Os pontos de exclamação nos boletins que circularam entre investidores nos últimos dias ilustravam o otimismo dos analistas.
Mas os mesmos boletins já alertavam para o que poderia estragar o céu de brigadeiro: a incerteza gerada pelas sinalizações do governo Bolsonaro em relação ao orçamento de 2022 e o seu compromisso com o ajuste fiscal.
Até sexta-feira, muitos consideravam que essas sinalizações podiam não significar o pior —a disposição do presidente e sua equipe econômica de promover um aumento permanente e sem lastro da despesa. Talvez fossem apenas fruto de (mais) um problema de comunicação do governo.

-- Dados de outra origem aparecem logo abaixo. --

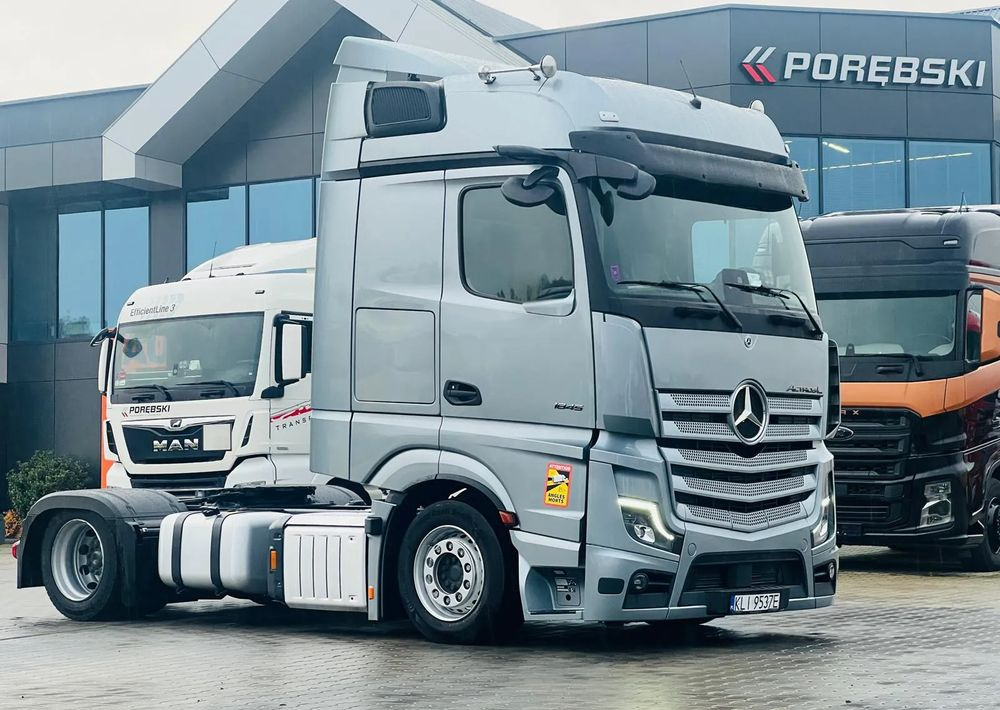 Mercedes-Benz Actros 1845 / MEGA/ Retarder olejowy/ Klima Postojowa / Aktywny tempomat ACC/ Salonka ! - Тягач: фото 5 Mercedes-Benz Actros 1845 / MEGA/ Retarder olejowy/ Klima Postojowa / Aktywny tempomat ACC/ Salonka ! - Тягач: фото 5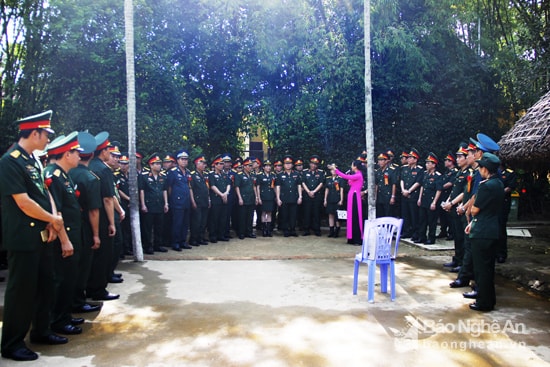 Tiếp đó, các đồng chí lãnh đạo Bộ Quốc phòng và đoàn đại biểu tới dâng hoa, dâng hương, nghe thuyết minh về cuộc sống thời thơ ấu của Bác Hồ tại Làng Sen quê nội và Hoàng Trù quê ngoại.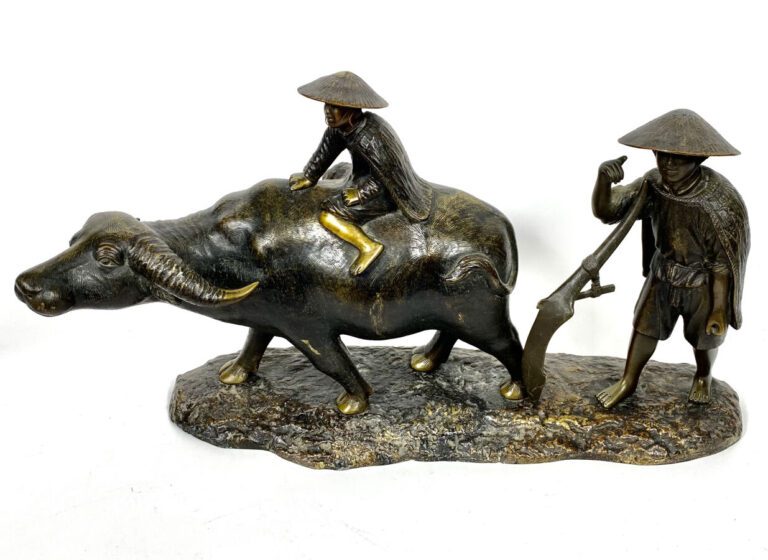 Vietnam ou Asie du Sud-Est: sculpture en bronze patiné, paysans et buffle sur u…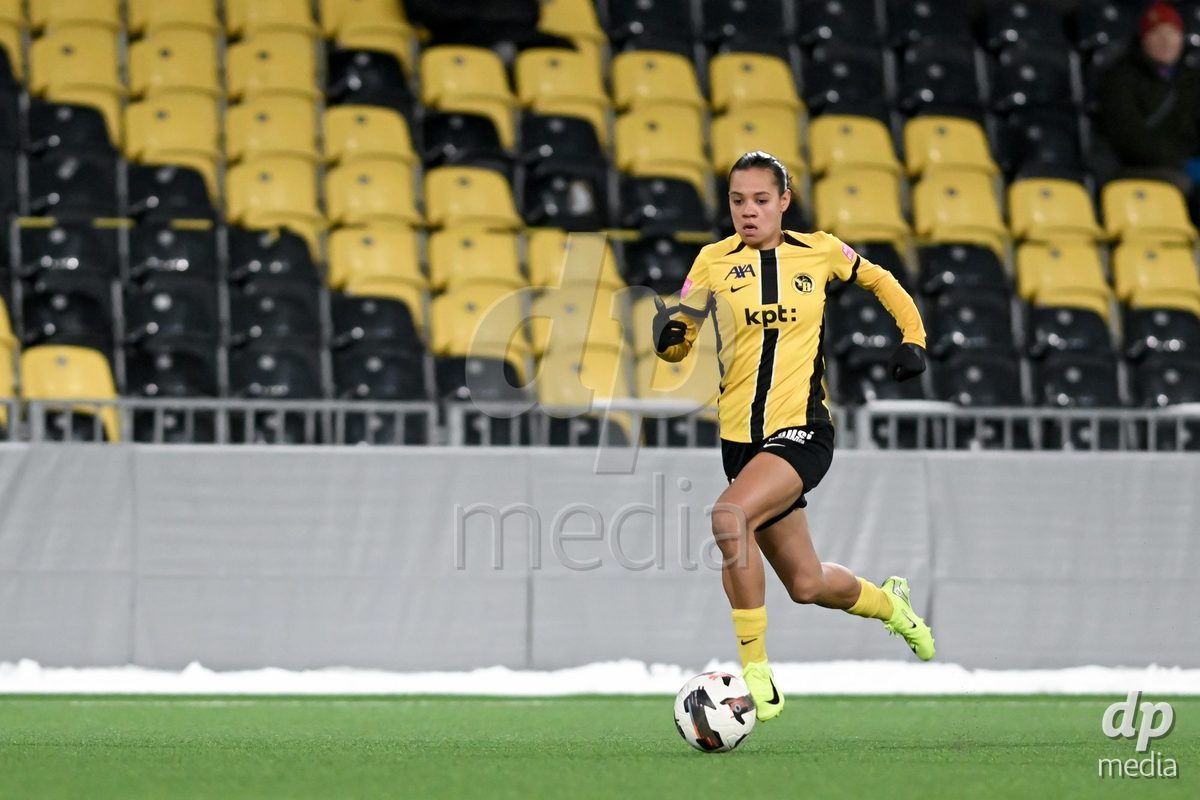 23.11.2024, Bern, Stadion Wankdorf, Women's Super League: BSC YB Frauen - Servette FC Chênois Féminin, Iman Beney (YB) controls the ball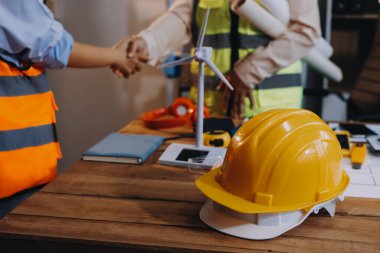 Mühendisler proje türlerinin yapısal analizi ve planları üzerinde çalışmalara yardım ediyorlar..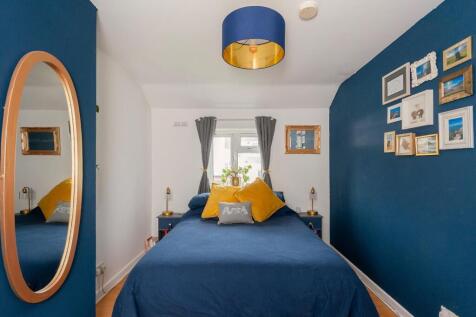 1B0R4BR - Bedroom H.jpg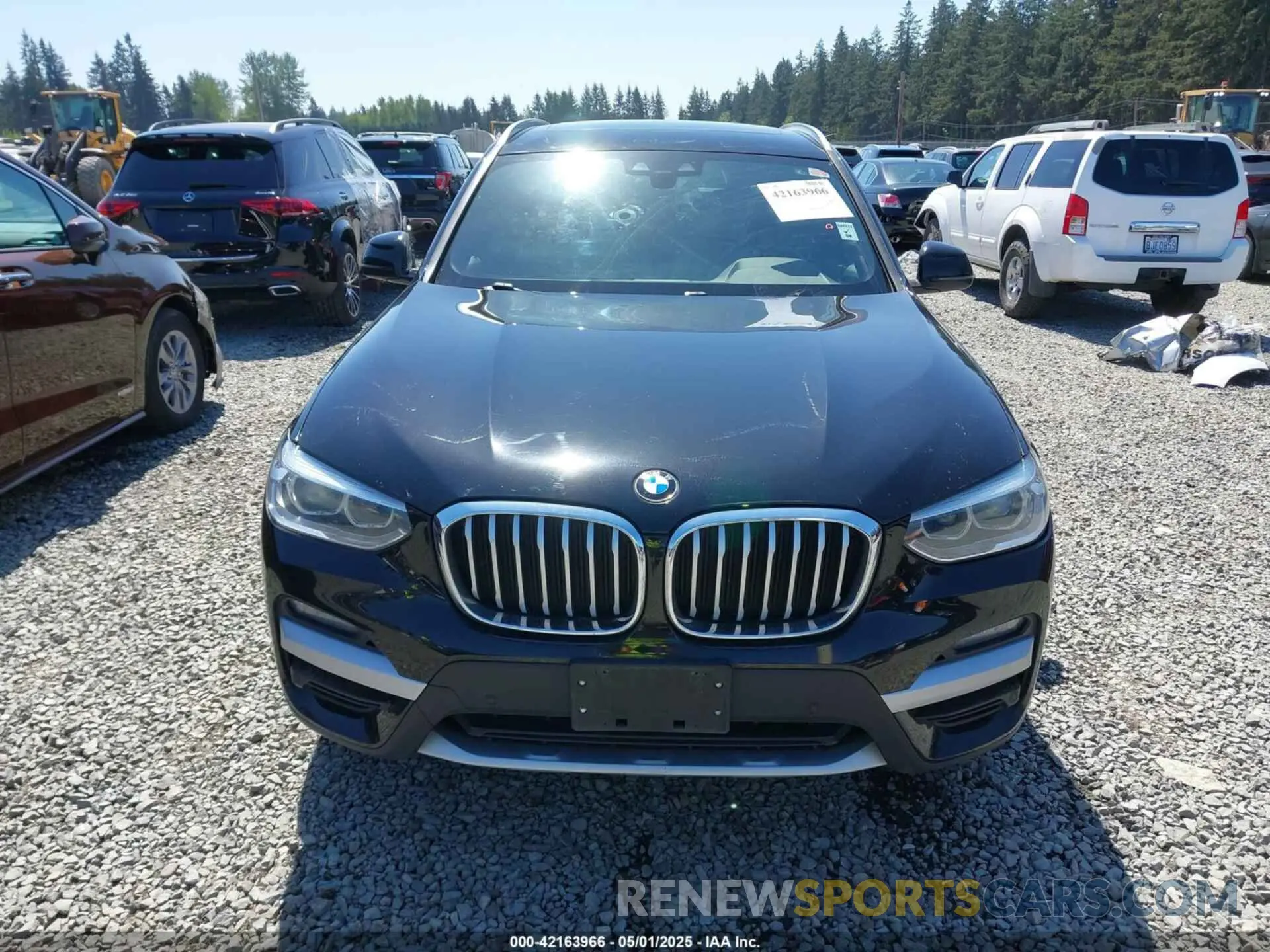 12 Photograph of a damaged car 5UXTY5C02LLT36913 BMW X3 2020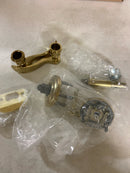 Baldwin PVCURLTRR003 Curve Privacy Leverset with Traditional Round Rose - Left Handed - Polished Brass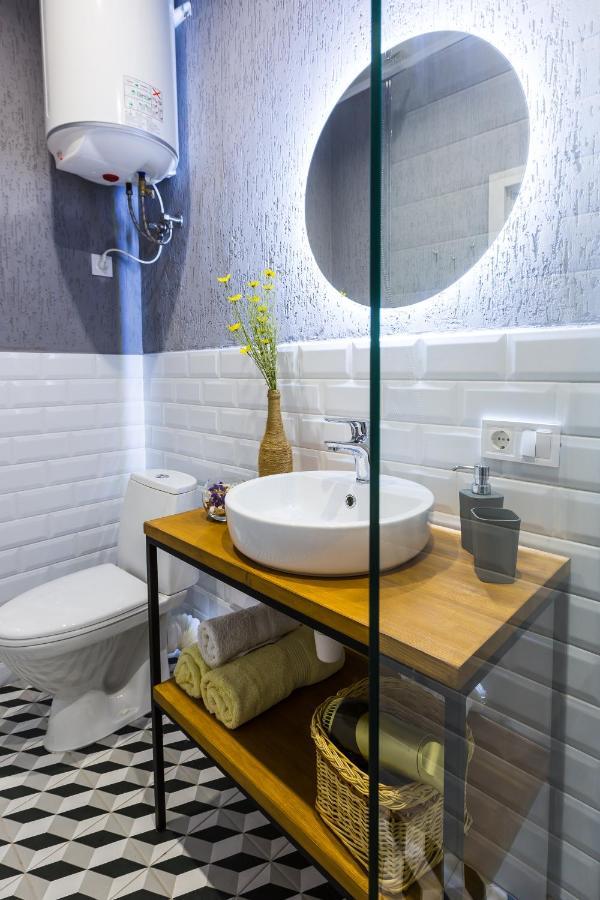 Loft Apart Near Lviv Polytechnic Ngoại thất bức ảnh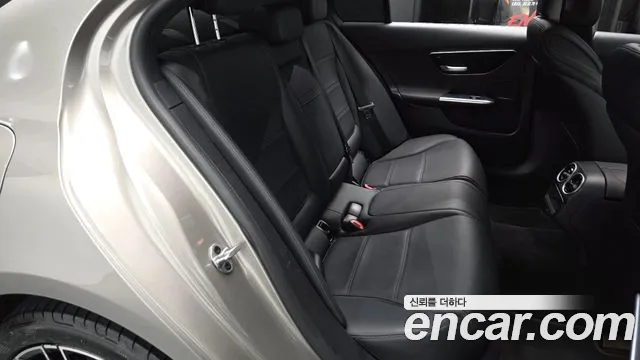 Mercedes-Benz C-Class 2022 — фото 11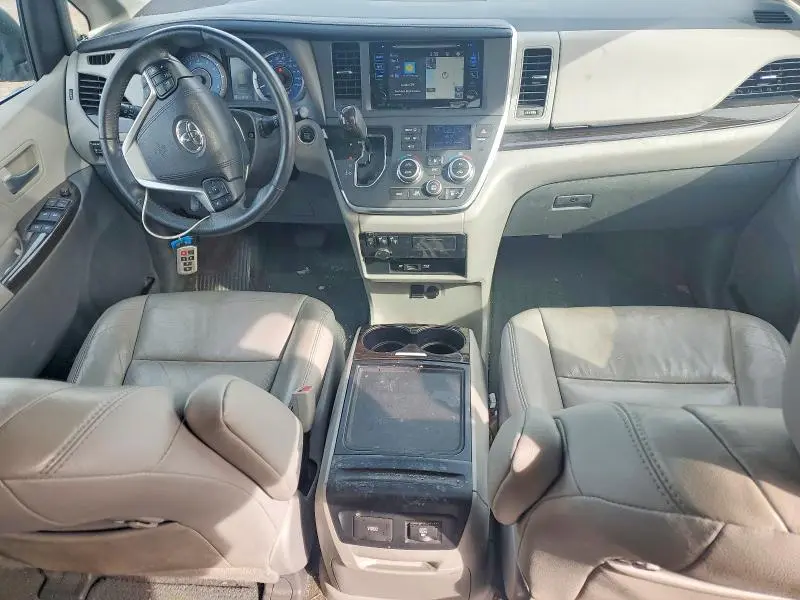 2017 TOYOTA SIENNA XLE PREMIUM 8-PASSENGER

Não eram. No sábado, a declaração de Bolsonaro de que tem um temeroso “plano B” para o caso de a PEC dos Precatórios não ser aprovada e a possibilidade de que esse plano passe por heterodoxias como a decretação de estado de calamidade deixaram claro que o governo está disposto a se jogar no poço da irresponsabilidade fiscal se este for o preço da reeleição do ex-capitão.
Diante disso, a alegria do pobre durou pouco.
Ata do Copom publicada nesta manhã diz que “questionamentos relevantes em relação ao futuro do arcabouço fiscal atual” resultaram em “elevação dos prêmios de risco” e “das expectativas de inflação”, o que implica “maior probabilidade para cenários alternativos que considerem taxas neutras de juros mais elevadas”.
Em outras palavras, o que o Banco Central disse foi que o governo está metendo os pés pelas mãos e isso vai levar a um aumento brutal dos juros.
O mercado já aposta numa elevação da Selic para 12% ao ano — lembrando que cada ponto a mais na taxa básica de juros representa um impacto na dívida pública de R$ 35 bilhões a 40 bilhões.
Um experiente analista de mercado diz que os agentes financeiros aceitariam resignados um aumento temporário da despesa. Mas não reagirão da mesma forma diante da percepção de que o furo no teto de gastos —agora cinicamente chamado por aliados do governo de “teto solar”, dado que desliza ao sabor dos elementos— será muito maior que os R$ 30 bilhões sugeridos e tem como propósito viabilizar barganhas políticas com vistas à eleição.
“Com suas ações, o governo está conseguindo jogar na lata de lixo a recuperação fiscal deste ano”, diz o analista.